WASD to move, mouse cursor to look, space to jump, C to crouch and slide. There, now you know everything you need to play the demo for Blessed Burden, a new first-person “horror adventure” from Podoba Interactive, in which you are “the last surviving priest in a religious apocalypse”. I don’t know many people in the clergy, but I’m pretty sure the job isn’t supposed to involve quite this many swinging blade traps. Here’s a trailer.


In the developer’s previous Museum of Monoliths, released in February, you’d stroll around nasty, abstract places and rearrange monoliths to alter the soundscape. Blessed Burden brings back the ominous, otherworldly, architecture and fills it with spike traps, crushing boulders and pitfalls, for an experience that is sort of Quake or Hexen without the shooting. I enjoyed the demo – find it on Steam and Itch – which has just been expanded with a new level and key-door mechanic.


Podoba are a Ukrainian developer, as are publisher Marevo Collective, and it’s perhaps too tempting to read the game’s oppressive atmosphere as a commentary on Russia’s on-going invasion of Ukraine. Be warned that it contains some pretty unsettling material: in the demo, there is a fleeting depiction of suicide.


While I’d say Blessed Burden has a ways to go before it can outrun the likes of Lorn’s Lure or Babddi, there’s a lot to enjoy. One of the early chambers has a floor that looks like it’s just patterned with red cracks from afar but actually has some big lava-filled gaps, catching you out if hurry. This might sound irritating, but it speaks to a certain fiendishness of design I’m thoroughly in favour of. I like the audio, too, be it the heavy swoosh of a blade narrowly missing your ear, or the gentle hum of a hidden collectible you’re almost certainly going to die trying to find. Just as well there are plenty of checkpoints.

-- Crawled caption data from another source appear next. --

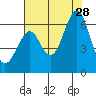 Oyster Point Marina tide chart for Sunday, July 28, 2024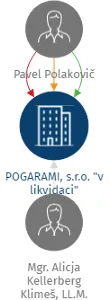 POGARAMI, s.r.o.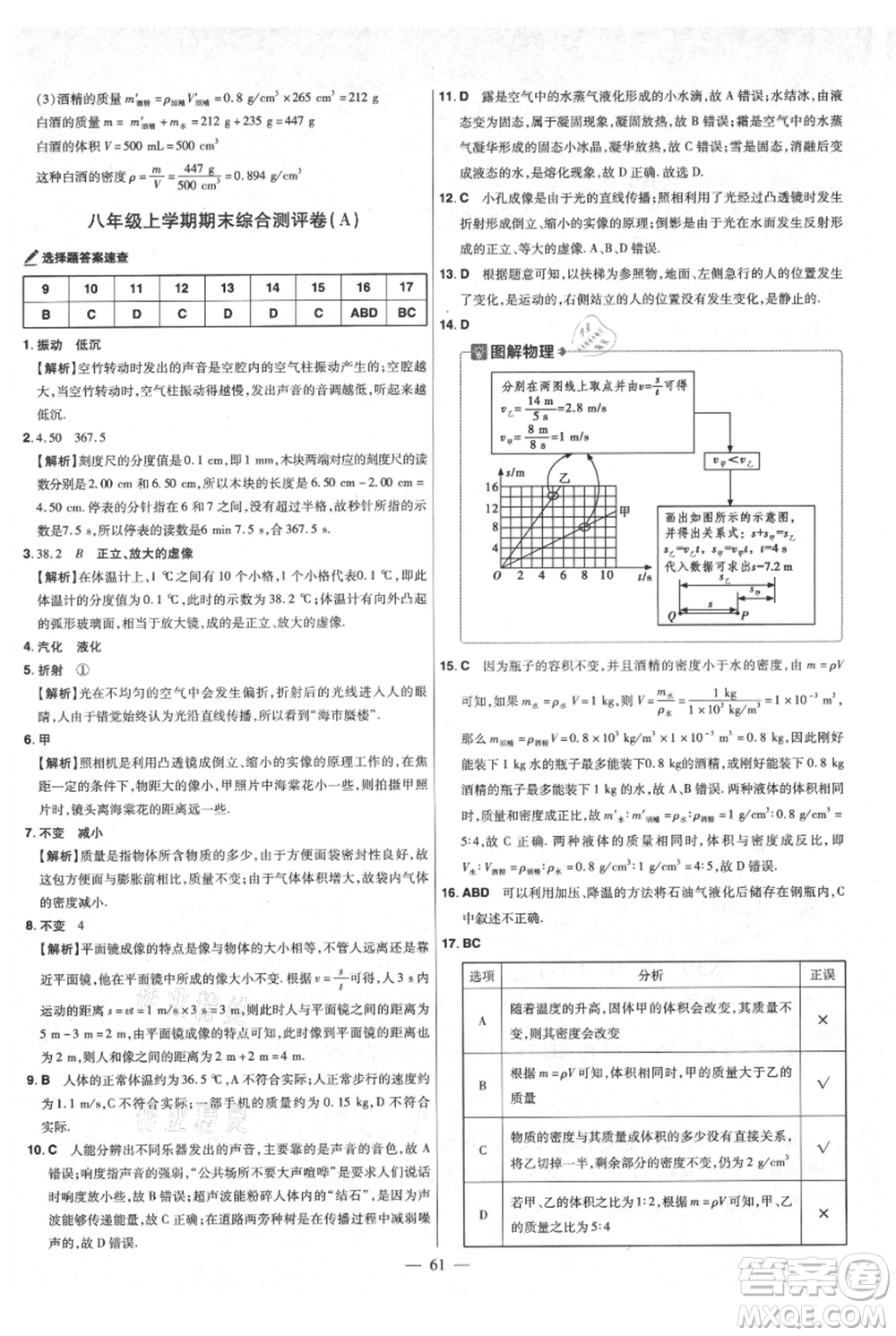 延邊教育出版社2021金考卷活頁題選初中同步單元雙測卷八年級(jí)上冊(cè)物理人教版參考答案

Podoba’s other game-in-progress, the “meditative exploration” sim Back to Hearth, can be read as a different kind of war commentary, exchanging despair for a measure of hope. It sees you rebuilding a devastated village, house by house, so as to entice the residents into returning home. “Fire is a symbol of home comfort, warmth, and life,” reads the blurb. “After the house is repaired and put in order, you need to kindle a fire. After that, you just have to wait a little while.”